See It. Believe It. Google Earth Reveals Malinvestment in Florida

October 7, 2010 by

Our understanding is enriched when theoretical principles are illustrated via concrete examples.

Take a look at these aerial photos over South Florida and the concept of economically uncompletable capital projects becomes as plain as a picture.

{ 13 comments }

HL October 7, 2010 at 11:22 am

Cool! Too bad the liquidation has not been allowed to proceed freely.

Silas Barta October 7, 2010 at 11:59 am

But … but … they’re not economical! We just need to obey Scott Sumner, and print up money so that people can spend enough to *make* these projects economical, no matter how much it impoverishes them!

J. Murray October 7, 2010 at 1:18 pm

Looks like a circuit board.

Walt D. October 7, 2010 at 1:34 pm

I may be mistaken, but these houses are probably aimed at retirees. These homes were usually bought for cash – no mortgage involved. They were bought with proceeds from a previously owned house (sold at the bubble price). Now that the bubble has burst, many people do not have sufficient equity in their existing home to sell and buy these properties free and clear. Also, the drop in the stock market has eroded their retirement savings, so they are reluctant to put in more cash. Also, you will probably find that the bank who owns them is “waiting for prices to go back up” – they prefer to carry them on their books at full loan value, with 0% funding from the Fed, rather than drop the price to fair market value and realize a huge loss on the entire development when all loans in the portfolio is marked to market.

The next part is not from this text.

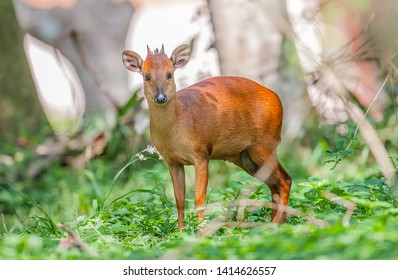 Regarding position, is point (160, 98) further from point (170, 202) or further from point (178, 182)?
point (170, 202)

J. Murray October 7, 2010 at 1:42 pm

In a normal world, required cash-flows would dictate the owners of that property to slash prices and sell at whatever the market clearing rate is. People and businesses don’t have the luxury of holding onto non-liquid assets.

Unfortunately, we had TARP, so now they have the luxury of just sitting on those assets, allowing them to be removed from productive use for even longer. Malinvestment by another name.

Walt D. October 7, 2010 at 2:20 pm

In principle, they could sit on these assets indefinitely. However, there is a catch in Florida – the weather. Over a period of time, these brand new and partially completed properties will start to deteriorate. When they do decide to put these properties back on the market, they may find that they have $50,000 of deferred maintenance to contend with.

tlpalmer October 7, 2010 at 5:24 pm

Weather or damage by humans is true in most areas. Many properties will be left rotting away while those who own them wait for prices to rise.

J. Murray October 7, 2010 at 8:48 pm

That’s only assuming they have other business activities to offset the cash flows of the organization, such as paying taxes and maintenance on said properties. Further, holding the properties would only make sense under the assumption that the realistic present values of the sale of those properties would exceed the present values and cash flows of other activities that the liquidation of the property could offer. Raw profits or loss on an individual item is not the goal of a healthy business. A prudent business will take a short term loss to ensure greater future profitability. Which is why the cut-rate clearance of all that property would have likely occurred had there not been TARP.

Walt D. October 8, 2010 at 7:51 pm

J.
The problem is that the banks were very highly leveraged. If they marked all their Real Estate Owned “REO” properties to market, they would not meet their Capital requirements and they would be shut down by the FDIC. So they, in collusion with the Fed, play the “extend and pretend game”. This is not the first time this has happened. This was done during the Latin American sovereign debt crisis – the legislation that was passed then is essentially what allows the Fed to hold “Kyle’s Margaritaville” as $6million dollar collateral. (See the appropriate South Park episode). Incidentally, the FDIC does not have the staff to shut down all insolvent banks, nor enough insurance to bail out all the depositors.

Mark Davis October 7, 2010 at 1:49 pm

Only one of the posters on the site recognized that most of these photos were of 1970s era subdivisions of which there are still many more developed lots remaining un-sold than from the most recent failures. Most of the failed proposed subdivision sites from this recent go-around in Florida are undeveloped and still in a natural state. There are still platted subdivision lots from the 1920s Florida Land Boom that were unsold because they were the proverbial “swamp land” lots selling through newspaper adds to Yankees and went bust. Some people never learn.

Funniest comment on the site was blaming the credit expansion boom on tax cuts for the rich while calling people morons for not realizing it.

John Chew October 8, 2010 at 9:25 am

Please take down those pictures. Those pictures do not fit into
my model of keynesian equilibrium theory. If they are not in the model
then how could those pictures be real?

Walt D. October 9, 2010 at 6:02 pm

Sure they do – this a generalized Keynesian “digging a hole in the ground”. When the properties deteriorate and have to be bulldozed, this will be a generalized Keynesian “filling in the hole”.

Brendin October 8, 2010 at 10:31 am

Those look like excellent places to test the ability of a car.